The example of Tyi
From 2008 to 2010, research has been undertaken on the history of Dogon settlement 70 km southwest of Ounjougou at Tyi, known as one of the earliest center of establishment of the Tomo clan. This history takes us from their installation at the top of the escarpment, probably at the end of the 16th century to the establishment of the current village at the foot of the escarpment in the mid-20th century, with a significant diaspora on the Séno Plain from the late 17th century.
Field survey, guided by the Elders born on the upper site, enabled us to map settlement quarters, sites linked to craft activities, burials, ritual or religious places, fortifications, sources of raw materials, etc. Archaeological excavations were done in two different quarters: on a concession and two ceramic middens. Gathering of oral traditions at Tyi and villages in the diaspora was done to better understand the dynamics of migrations and to clarify historical and social facts.
Finally,we had the opportunity to document the production process for terracotta pipes, made by the last craftsman in the region with this skill, and thus to enrich the interpretation of archaeological artifacts of this type found at the site of Tyi, where they were produced (M. Canetti, Master’s degree ; see list of dissertations).

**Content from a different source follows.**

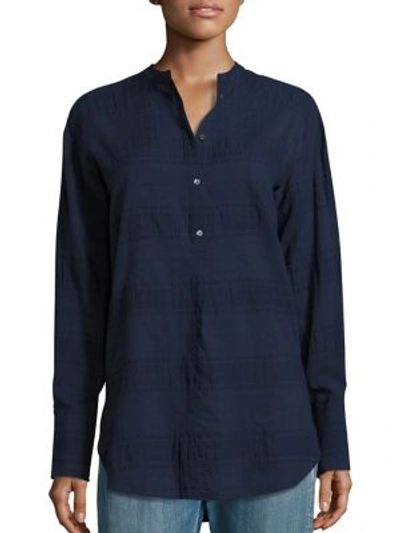 Vince Shirred Back Tunic In New Coastal Blue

The study of archaeological ceramics at the level of production and consumption contributed to inform us on changes in styles and socioeconomic interactions.

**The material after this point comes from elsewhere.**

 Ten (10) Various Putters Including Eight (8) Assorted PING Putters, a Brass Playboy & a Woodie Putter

Analysis of burnt fuel from the ceramic middens shows changes in the landscape over four centuries, with a shift from a gallery forest to an agro-forest park at karité prior to the establishment of a savanna park at Faidherbia albida, typical of the region today (B. Eichhorn, University of Frankfurt). Zooarchaeological analysis of the fauna has also yielded interesting results regarding meat consumption, waste management and taphonomy (I. Colaizzi, Master’s degree ; see list of dissertations). Finally, archaeometric analyses of the clays coming from mines, pipes and pottery (N. Cantin, IRAMAT, University of Bordeaux 3), show changes over time in strategies of raw material use and the circulation of products.